Context
DataCorp, a financial services company, processes large volumes of transactional data from various sources, including APIs, databases, and external feeds. The current ETL pipeline, built on Apache Airflow and PostgreSQL, struggles to handle the growing data volume of 10TB per day, leading to increased latency and operational costs. The data engineering team is tasked with redesigning the pipeline to improve scalability and reduce latency to 30 minutes.
Scale Requirements
- Throughput: 10TB of data daily, approximately 115 MB/sec
- Latency target: Data should be available for querying within 30 minutes of arrival
- Retention: Raw data for 90 days, aggregated summaries indefinitely
Requirements
- Design an ETL architecture that scales to handle 10TB of daily data with the specified latency.

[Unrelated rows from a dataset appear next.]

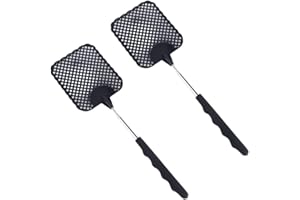 JchEnye 2 Matamoscas Extensibles Manuales de Plástico Negro - Ideal para Controlar Moscas, Mosquitos, Avispas y Otras Plagas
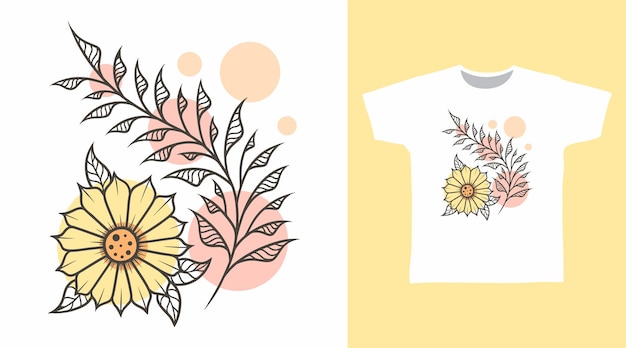 Zonnebloem hand getekend t-shirt en kleding ontwerpconcept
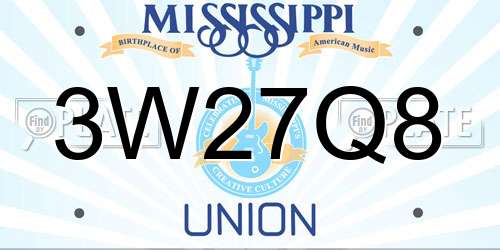3W27Q8 Mississippi License Plate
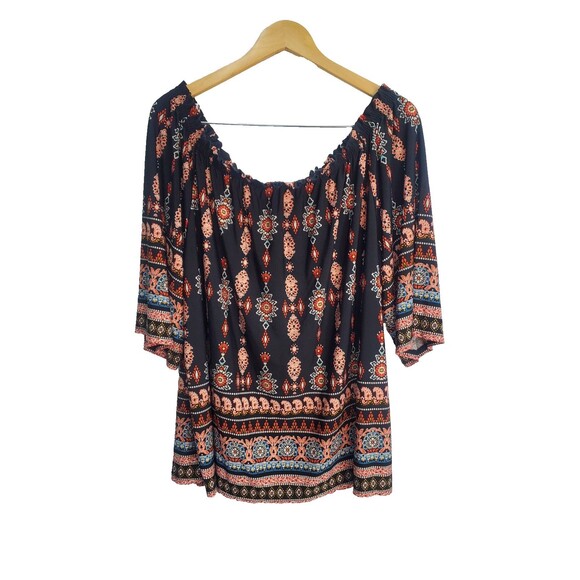 Black & Orange Westport 1962 Womens Blouse Size 2X - Picture 1 of 4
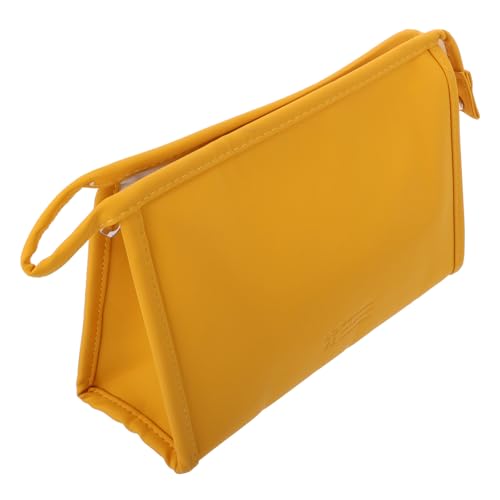 BESTYASH 1 Stück Multifunktionale Kosmetiktasche Mini-Make-up-Tasche Toilettenfahrtenbeutel Kleine Kosmetiktasche Reise-Make-up-Clutch Geldbeutel Kompakt Reisen Led Halter Pu-Stoff Yellow von BESTYASH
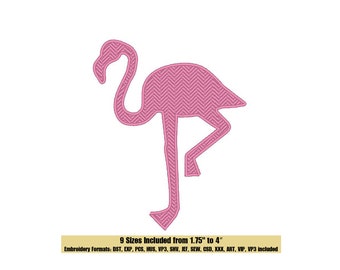 Flamingo Silhouette Embroidery Design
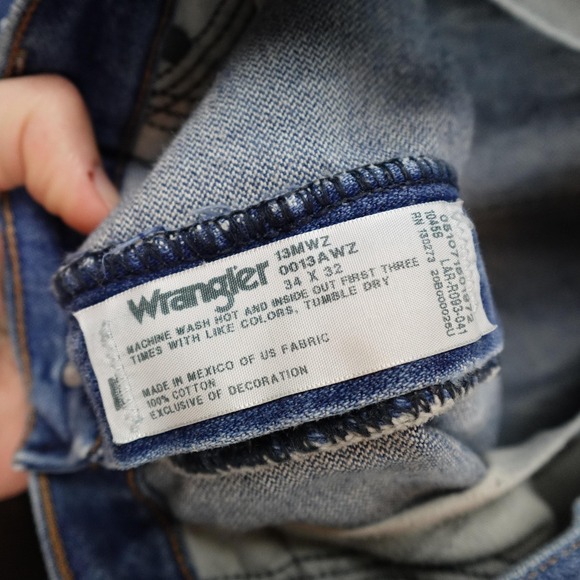 Vintage Wrangler Jeans Mens 34x31 (32x29) Blue Cowboy Denim 13MWZ Western - Picture 5 of 10
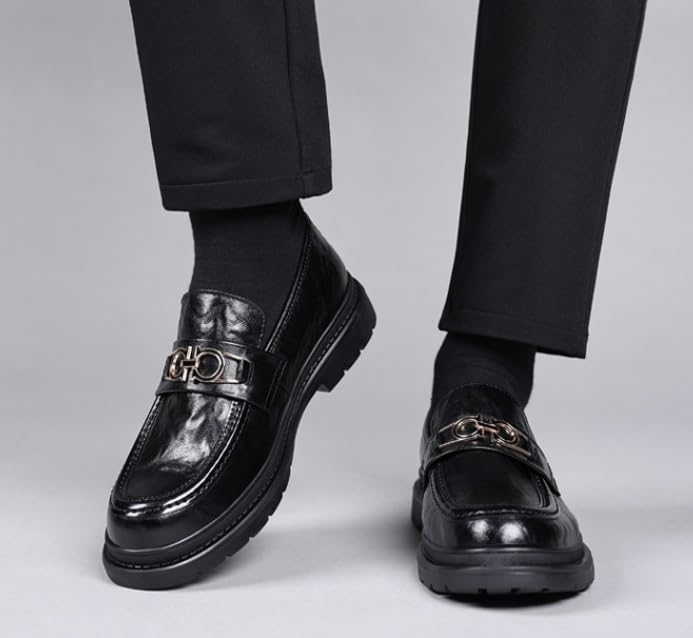 Men’s Slip-On Oxford Shoes Genuine Leather Platform Dress Shoes Business Casual Wingtip Brogue for Men2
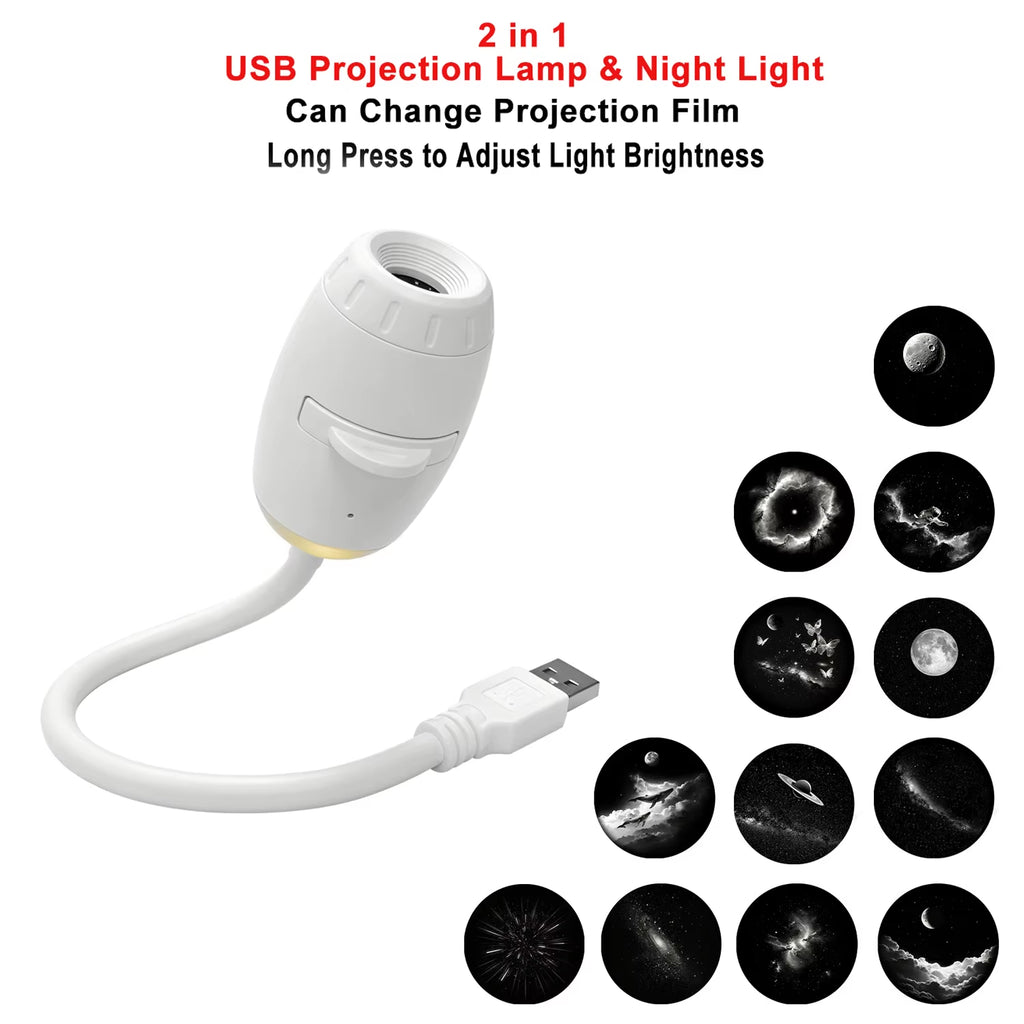 USB Car Atmosphere Projector Light Car Interior Ambient Light LED Starry Star Light Party Decor Romantic Saturn Galaxy Light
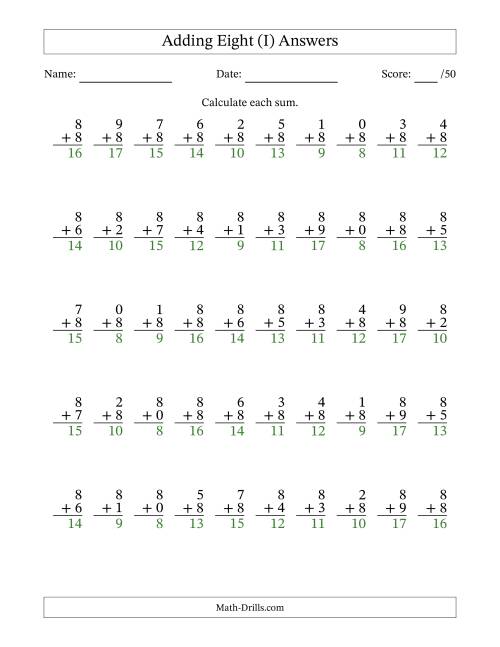 The Adding Eight With The Other Addend From 0 to 9 – 50 Questions (I) Math Worksheet Page 2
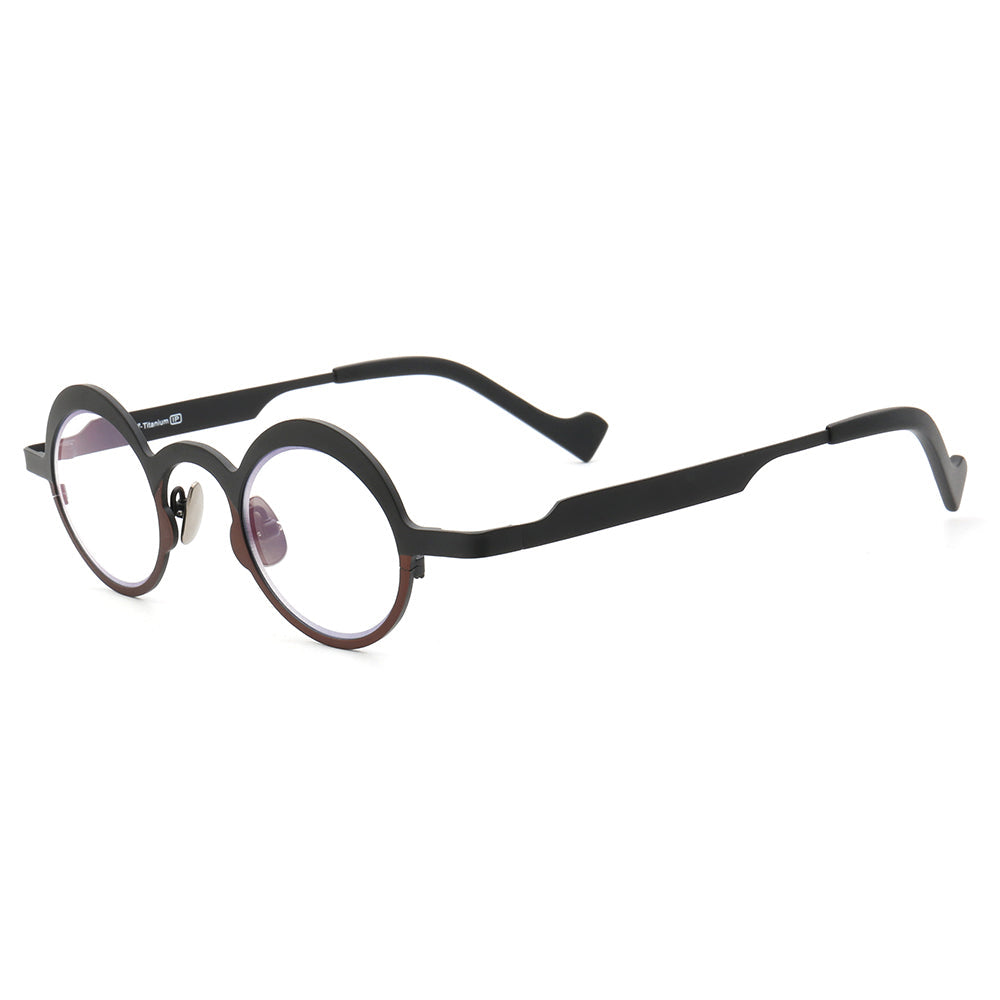 Voyage | Round Pure Titanium Polarized Sunglasses | Two Tone Retro Nerd Frame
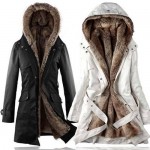 2017 Coats Winter Women's Warm Jacket Faux fur lining fur Hoodies Thermal Long Coat Outwear Cotton Clothes Parkas Free Shipping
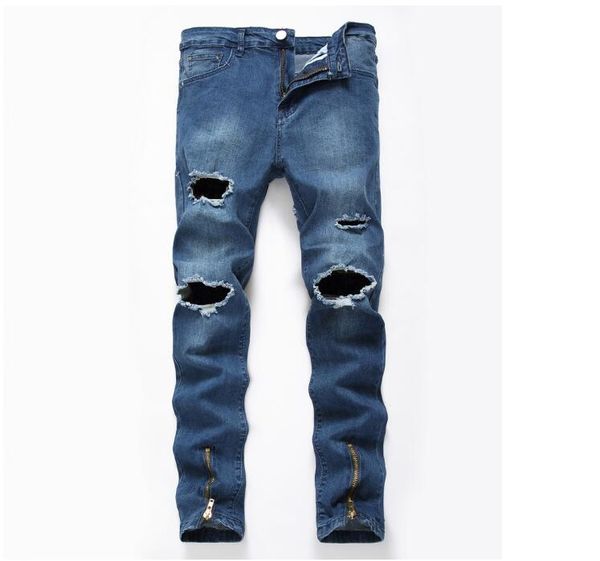 new slim skinny ripped jeans men hi-street mens distressed casual denim pants zipper knee holes washed destroyed trousers, Blue
new slim skinny ripped jeans men hi-street mens distressed casual denim pants zipper knee holes washed destroyed trousers, Blue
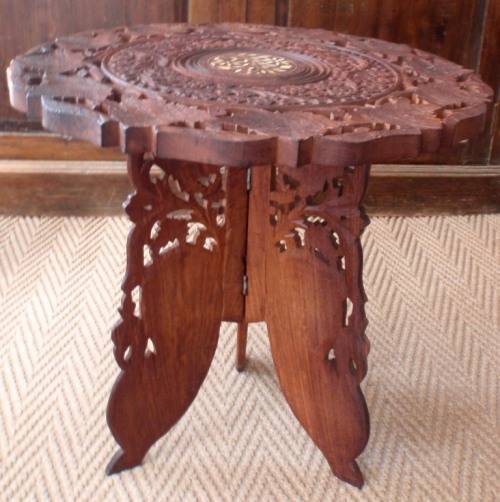 VINTAGE - BEAUTIFULLY HAND CARVED INDIAN, FOLDING TABLE - SO INTRICATE!!!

- Implement data quality checks to ensure accuracy and completeness of data.
- Utilize a data warehouse (e.g., Snowflake) for efficient storage and querying.
- Provide monitoring and alerting mechanisms to ensure pipeline health.
- Ensure the solution can handle schema changes without downtime.
Constraints
- Infrastructure: Must operate on existing AWS infrastructure (EC2, S3, RDS).
- Budget: Limited to $20K/month for additional cloud resources.
- Compliance: Must adhere to financial regulations regarding data retention and security.